MATERIAL TO PROCESS:
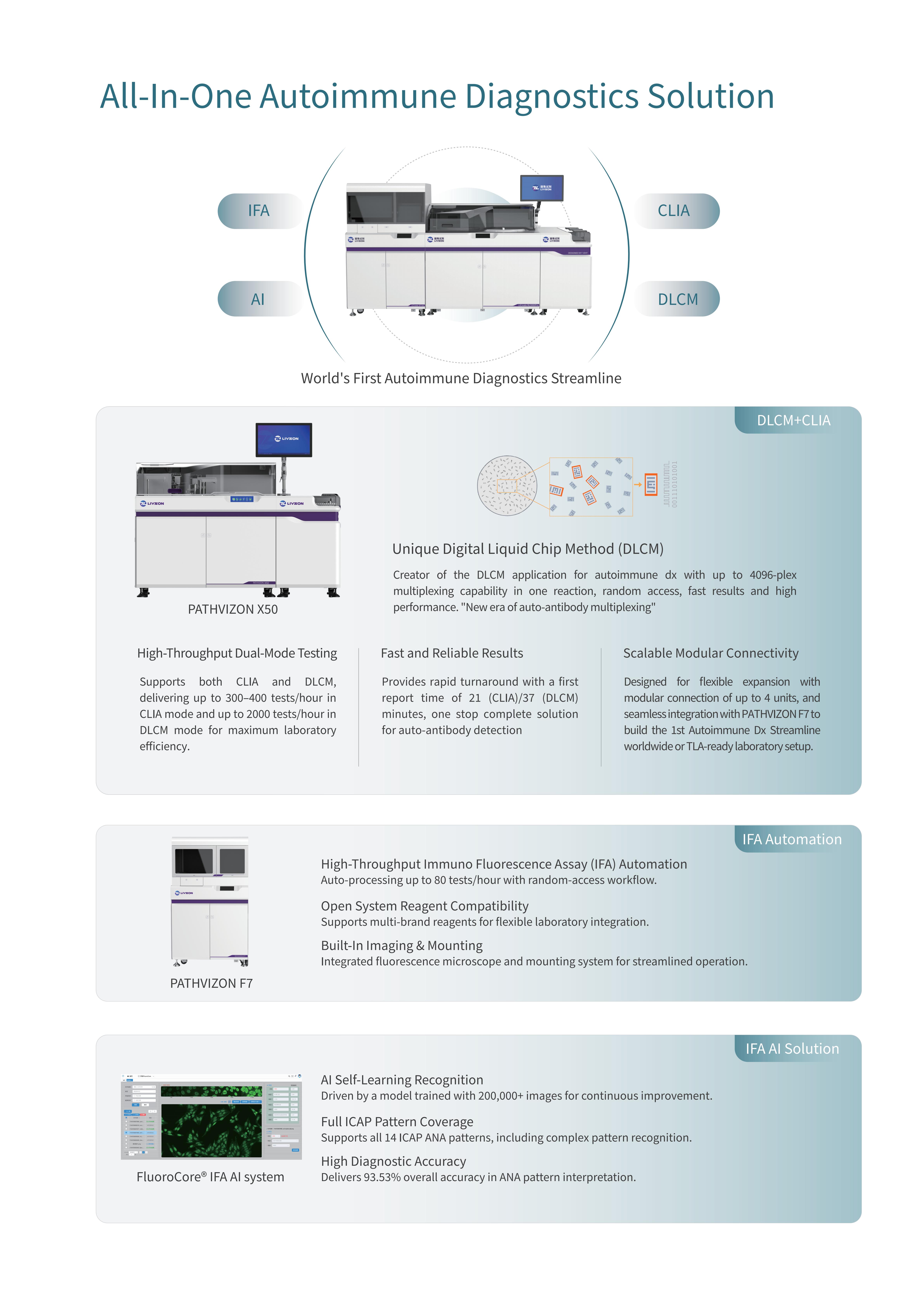 Brochure_LivzonDx  All-In-One Autoimmune Diagnostics Solution V1.3 EN_02.jpg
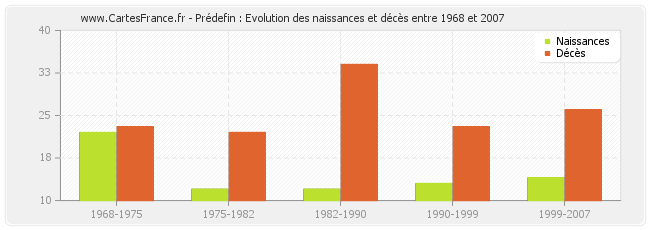 Prédefin : Evolution des naissances et décès entre 1968 et 2007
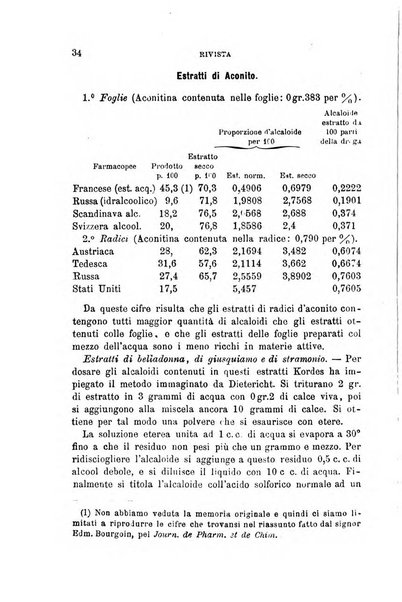 Annali di chimica e di farmacologia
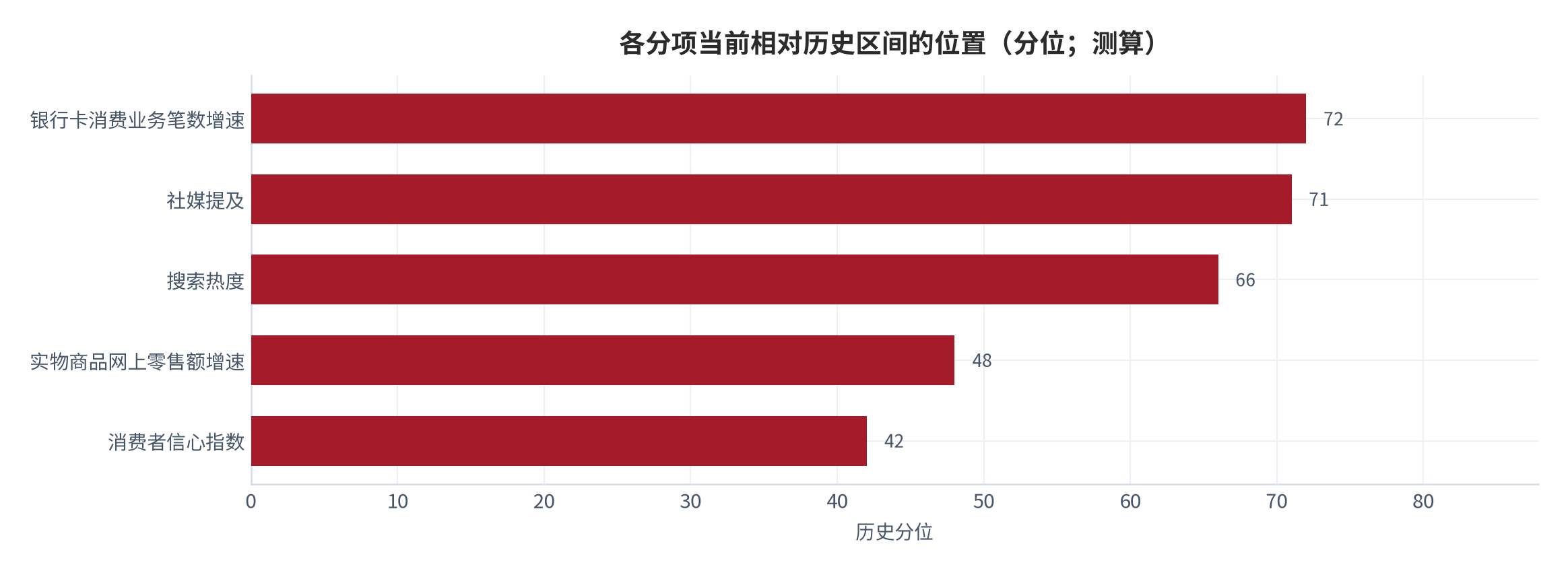 图 9：可核验分项的历史区间定位（概念；测算）。消费者信心指数高位区 105 点以上、实物商品网上零售额增速高位区 8% 以上、银行卡消费业务笔数增速高位区 12% 以上。资料来源：测算（锚定 [3][7][15]）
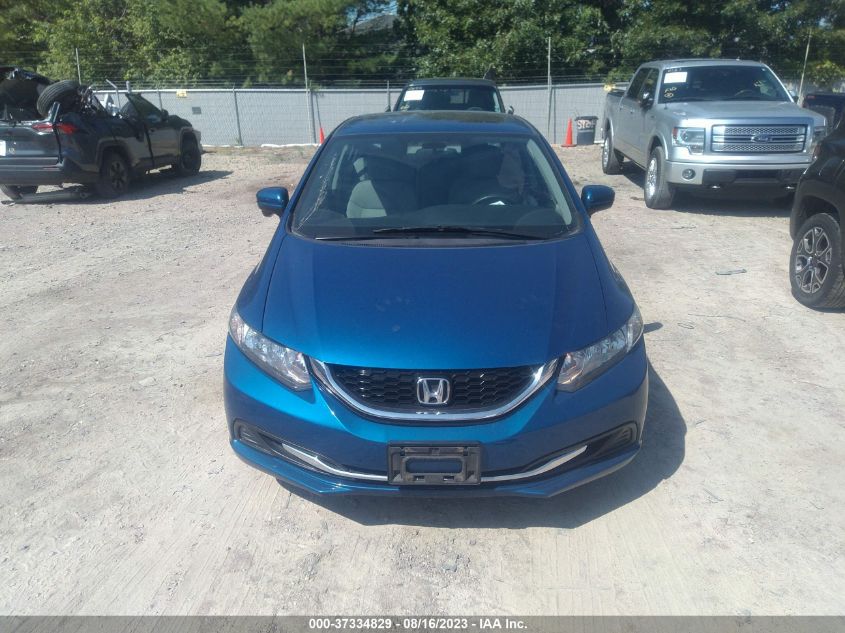 2015 HONDA CIVIC SEDAN EX - 19XFB2F89FE085742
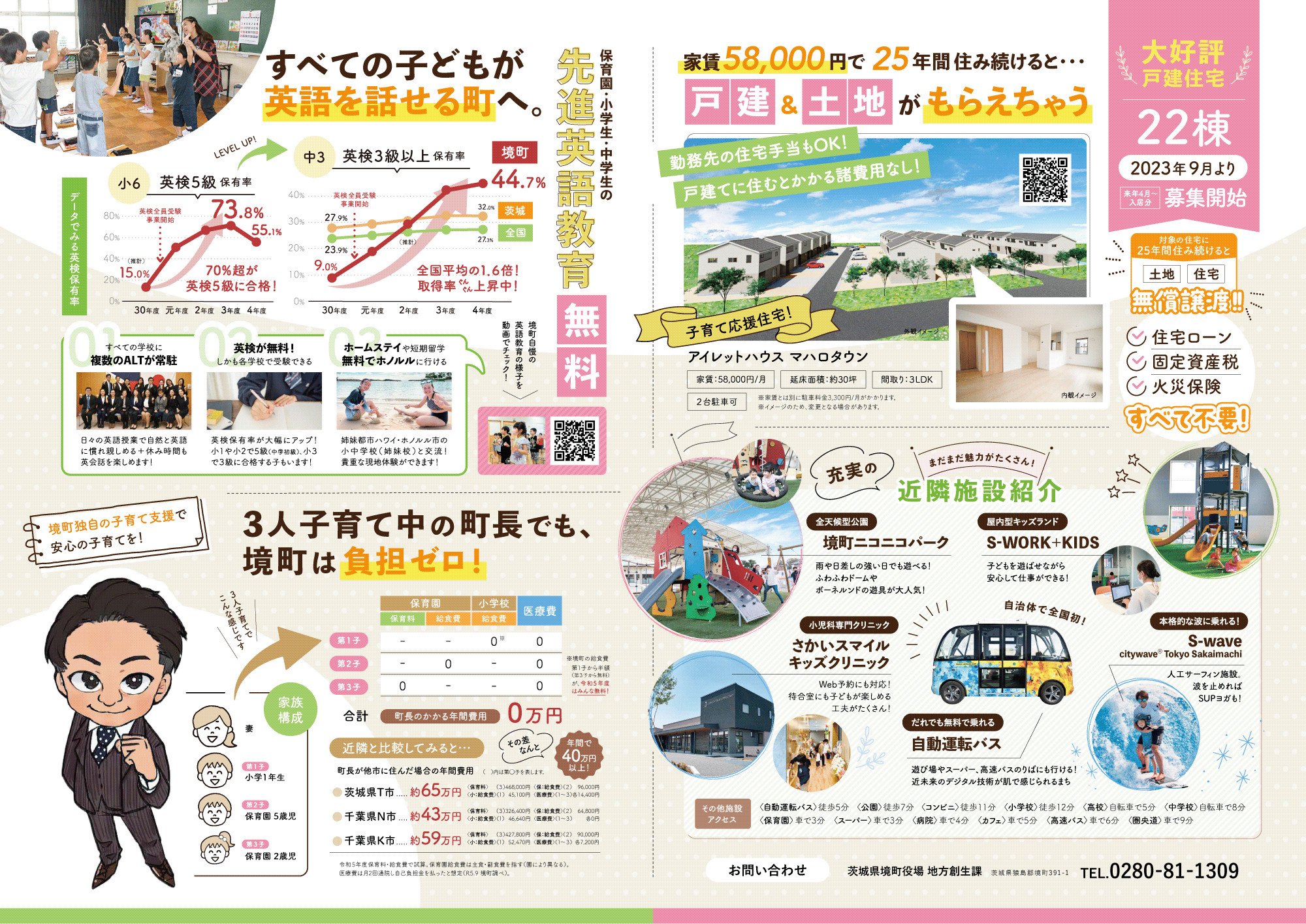 子育ていいとこ境町2023年9月（内面）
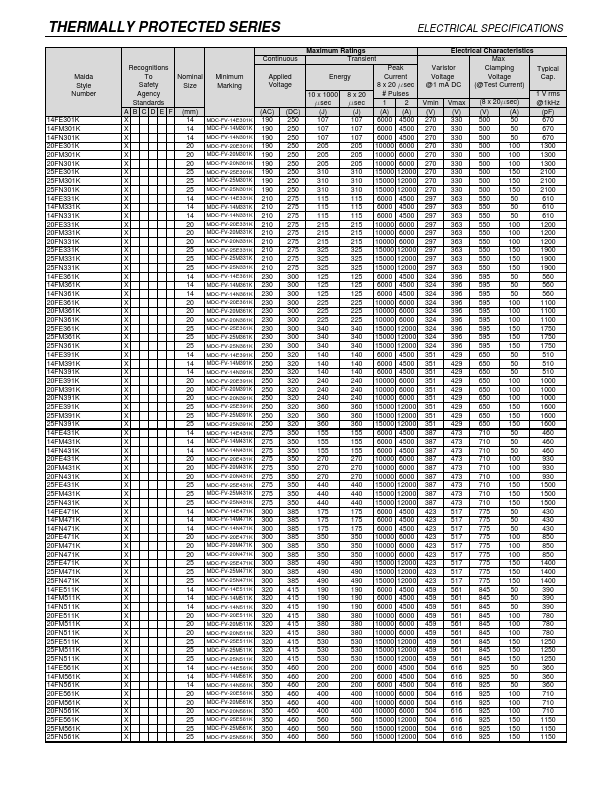 25FM561K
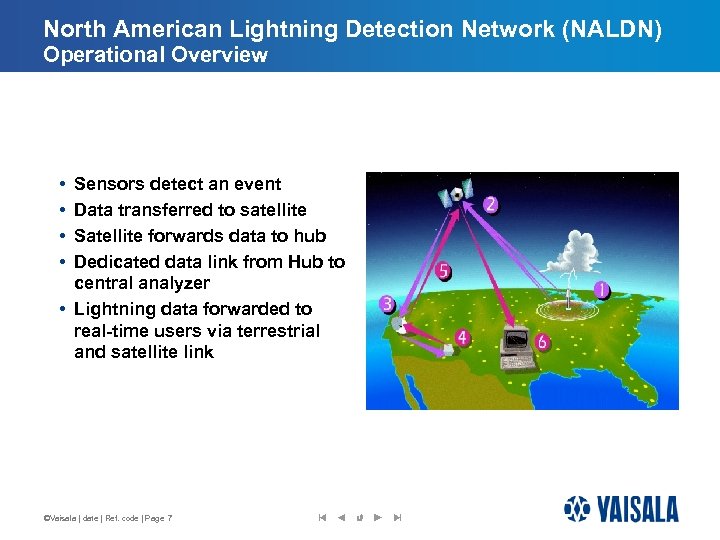 North American Lightning Detection Network (NALDN) Operational Overview • • Sensors detect an event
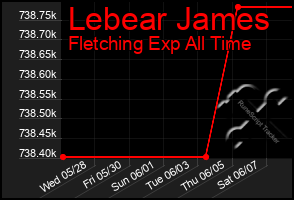 Total Graph of Lebear James
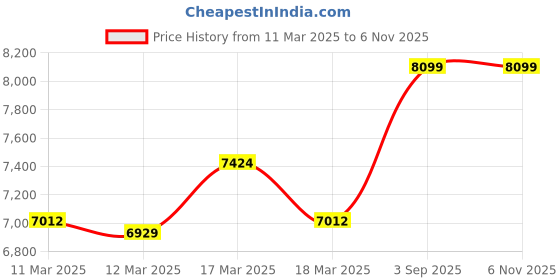 ajio.com theethnic.co Men Embellished Long Kurta theethnic.co Price History Graph from 11 Mar 2025 to 5 Nov 2025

TASK BRIEF:
Word for word, restate all of the entries above and leave each picture out.

THE COMPLETED TASK:
 Brochure_LivzonDx  All-In-One Autoimmune Diagnostics Solution V1.3 EN_02.jpg
 Prédefin : Evolution des naissances et décès entre 1968 et 2007
 Annali di chimica e di farmacologia
 图 9：可核验分项的历史区间定位（概念；测算）。消费者信心指数高位区 105 点以上、实物商品网上零售额增速高位区 8% 以上、银行卡消费业务笔数增速高位区 12% 以上。资料来源：测算（锚定 [3][7][15]）
 2015 HONDA CIVIC SEDAN EX - 19XFB2F89FE085742
 子育ていいとこ境町2023年9月（内面）
 25FM561K
 North American Lightning Detection Network (NALDN) Operational Overview • • Sensors detect an event
 Total Graph of Lebear James
 ajio.com theethnic.co Men Embellished Long Kurta theethnic.co Price History Graph from 11 Mar 2025 to 5 Nov 2025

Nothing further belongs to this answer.